Defines functions plot_dist

Documented in plot_dist

#' Plot a distribution as a hybrid containing a halfeye, a boxplot and jittered points.
#'
#' @param dat A data frame.
#' @param yvar The name of the field containing values to be plotted.
#' @param xvar The name of the field containing the grouping variable (defaults to `NULL`).
#' @param ylim Limits for the y-axis. Defaults to \code{NULL}. If provided, should be a 2-element vector containing the upper and lower limits. 
#' @param xlb Label for the x-axis.
#' @param ylb Label for the y-axis.
#' @param identity_line Show a line of identity? Default \code{FALSE}. 
#' @param identity_value If an identity line is shown, it will be drawn horizontally at this y-value (default 0).
#' @param he_adjust If \code{he_slab_type} is \code{"pdf"}, bandwidth for the density estimator is adjusted by multiplying it by this value. 
#' @param he_width Width of the halfeye component of the plot (default 0.6).
#' @param he_justification Justification of the halfeye component of the plot (default -0.2).
#' @param he_col Color for the halfeye component of the plot.
#' @param he_fill Fill color for the halfeye component of the plot.
#' @param he_alpha Alpha for the halfeye component of the plot (default 0.9).
#' @param he_slab_type The type of slab function to calculate for the halfeye component of the plot: probability density (or mass) function (\code{"pdf"}, the default), cumulative distribution function (\code{"cdf"}), complementary CDF (\code{"ccdf"}) or histogram (\code{"histogram"}).
#' @param he_breaks If slab_type is \code{"histogram"}, the breaks parameter that is passed to \code{hist()} to determine where to put breaks in the histogram.
#' @param he_outline_bars If slab_type is \code{"histogram"}, determines if outlines in between the bars are drawn when the slab_color aesthetic is used. If \code{FALSE} (the default), the outline is drawn only along the tops of the bars; if \code{TRUE}, outlines in between bars are also drawn.
#' @param he_point_interval A function from the \code{\link[ggdist:point_interval]{ggdist::point_interval}} family (e.g., \code{median_qi}, \code{mean_qi}, \code{mode_hdi}, etc), or a string giving the name of a function from that family (e.g., \code{"median_qi"}, \code{"mean_qi"}, \code{"mode_hdi"}, etc. This function determines the point summary (typically mean, median, or mode) and interval type (quantile interval, \code{qi}; highest-density interval, \code{hdi}; or highest-density continuous interval, \code{hdci}).
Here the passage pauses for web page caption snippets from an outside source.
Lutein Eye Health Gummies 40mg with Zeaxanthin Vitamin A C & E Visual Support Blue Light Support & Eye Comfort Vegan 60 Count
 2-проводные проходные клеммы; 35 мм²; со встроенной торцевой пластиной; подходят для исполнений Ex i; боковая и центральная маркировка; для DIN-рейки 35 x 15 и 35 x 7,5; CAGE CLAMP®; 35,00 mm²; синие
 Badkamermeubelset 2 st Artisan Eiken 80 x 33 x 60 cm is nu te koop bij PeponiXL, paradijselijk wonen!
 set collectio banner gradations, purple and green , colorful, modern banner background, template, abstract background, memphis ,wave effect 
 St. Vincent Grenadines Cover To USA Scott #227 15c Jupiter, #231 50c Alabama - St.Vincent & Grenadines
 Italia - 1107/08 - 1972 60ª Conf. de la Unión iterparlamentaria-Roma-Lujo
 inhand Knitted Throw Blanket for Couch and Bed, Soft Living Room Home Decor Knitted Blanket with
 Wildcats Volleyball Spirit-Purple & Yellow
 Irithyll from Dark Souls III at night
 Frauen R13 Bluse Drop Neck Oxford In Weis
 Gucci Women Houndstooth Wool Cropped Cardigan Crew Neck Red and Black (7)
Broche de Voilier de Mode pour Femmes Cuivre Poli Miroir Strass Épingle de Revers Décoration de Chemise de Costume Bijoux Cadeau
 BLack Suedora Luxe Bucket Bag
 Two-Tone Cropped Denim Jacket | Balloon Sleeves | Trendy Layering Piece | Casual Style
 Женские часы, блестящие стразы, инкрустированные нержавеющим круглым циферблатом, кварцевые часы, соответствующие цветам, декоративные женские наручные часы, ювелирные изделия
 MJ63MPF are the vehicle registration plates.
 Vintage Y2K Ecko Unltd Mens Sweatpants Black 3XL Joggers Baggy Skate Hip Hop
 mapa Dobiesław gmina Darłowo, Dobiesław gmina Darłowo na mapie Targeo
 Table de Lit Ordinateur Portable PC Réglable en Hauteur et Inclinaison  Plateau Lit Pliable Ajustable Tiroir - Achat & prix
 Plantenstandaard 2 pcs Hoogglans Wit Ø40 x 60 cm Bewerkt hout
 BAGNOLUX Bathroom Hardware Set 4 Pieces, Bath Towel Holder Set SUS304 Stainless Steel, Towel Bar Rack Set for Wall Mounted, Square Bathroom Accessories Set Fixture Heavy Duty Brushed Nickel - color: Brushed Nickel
Output will be converted to the appropriate x- or y-based aesthetics depending on the value of orientation. 
#' @param he_point_alpha Alpha for the point.
#' @param he_point_colour Colour for the point.
#' @param he_point_fill Fill colour for the point.
#' @param he_point_size Size for the point.
#' @param bxp_width Width of the boxplot component (default 0.12).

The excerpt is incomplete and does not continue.